When she was grown, Carrie briefly taught school in Missouri and married an abusive alcoholic. Finding herself pregnant, she dumped him before two years were up to protect herself and her unborn. But she never forgot or forgave. What she was left with, from that experience, and from her nutsy childhood, is what thousands are left with after suffering the abuses of an alcoholic spouse; wrath. Overwhelming inner rage.
Carrie married again, this time to a teetotaling preacher who supported her in her disdain for imbibers and even preached against the evils of drink and what their definition of sin was. But in time she decided he loved preaching more than he loved her, so Carrie drifted away from him and began her campaign to rid America of the evils of drinking, smoking and yes, uh oh, fornicating, and of course, the worst blight of all, the Masons.
One of the dourest sourpusses in female history, Ms. Nation was a pretty big lady for her time, nearly six feet and weighing in at around 180. All of this avoir du poi helped a lot when she barged into saloons and attempted to trash them to splinters of wood and glass with her trusty hatchet of which she had a large collection. The hatchets had become her trademark, her calling card. ~Carrie carried on most of her anti-salooning crusade across the entire Midwest and in particular the Oklahoma Territory. Determined to do anything she could to stop humans from swilling demon hootch and indulging in all those other naughties, Carrie would enter a saloon with a group of other ladies who shared her beliefs that men, and in particular drinking men, were the root of all the world’s evils and had to be done away with, or at the very least ruined. With Carrie leading the charge, they would begin hatcheting the barrels of whiskey and beer, and if they could manage to trash a mirror or two and a few bar stools, Carrie counted that as a very encouraging day. Marching smugly from the sacked grog shop, she’d turn and shout that she was merely "a bulldog running along at the feet of Jesus, barking at what he doesn’t like!" Carrie defined the term "self-righteous" and referred to those who opposed her as "rum-soaked, whiskey-swilled, saturn-faced rummies." I think I can pretty much understand most of that tirade except for the "saturn-faced" part.

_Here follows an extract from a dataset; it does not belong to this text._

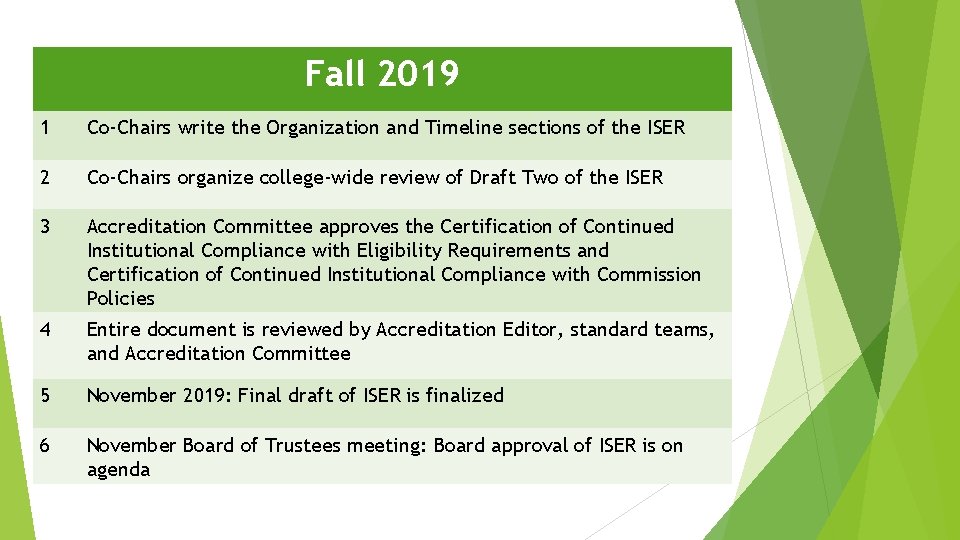 Fall 2019 1 Co-Chairs write the Organization and Timeline sections of the ISER 2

I mean Saturn was the God of Agriculture and it’s also a planet with rings, but whatever.
Carrie even got her own newspaper up and running in a town called Guthrie and named it, what else?, "The Hatchet," where she voiced her views on everything she thought evil and that was pretty much everything.
She bought homes and properties along the way with money from her lectures, and sold them, but life for her wasn’t ever really peaceful because she kept getting herself arrested, in all about thirty times for destroying saloons and she hoped, for punishing men. But she’d had a lot of those hatchets made up for emergencies which she’d then sell to souvenir hunters to help pay her bail.
An important and certainly colorful member of the Women’s Christian Temperance Union, Carrie was able to make herself famous by becoming the country’s most outspoken prohibitionist, even circulating hand-outs called "Smasher’s Mail" as part of her roaring campaigns. Carrie Nation was able to make a living of sorts by forcing her views on everyone, by being violent, by ruining people’s businesses (those poor innocent barkeeps’) and by being an out-and-out annoyance.
Carrie died in l911 at the age of 64. Her tombstone reads "She hath done what she could." Indeed she hath. Sleep well, Carrie. Jesus knows you must be tired.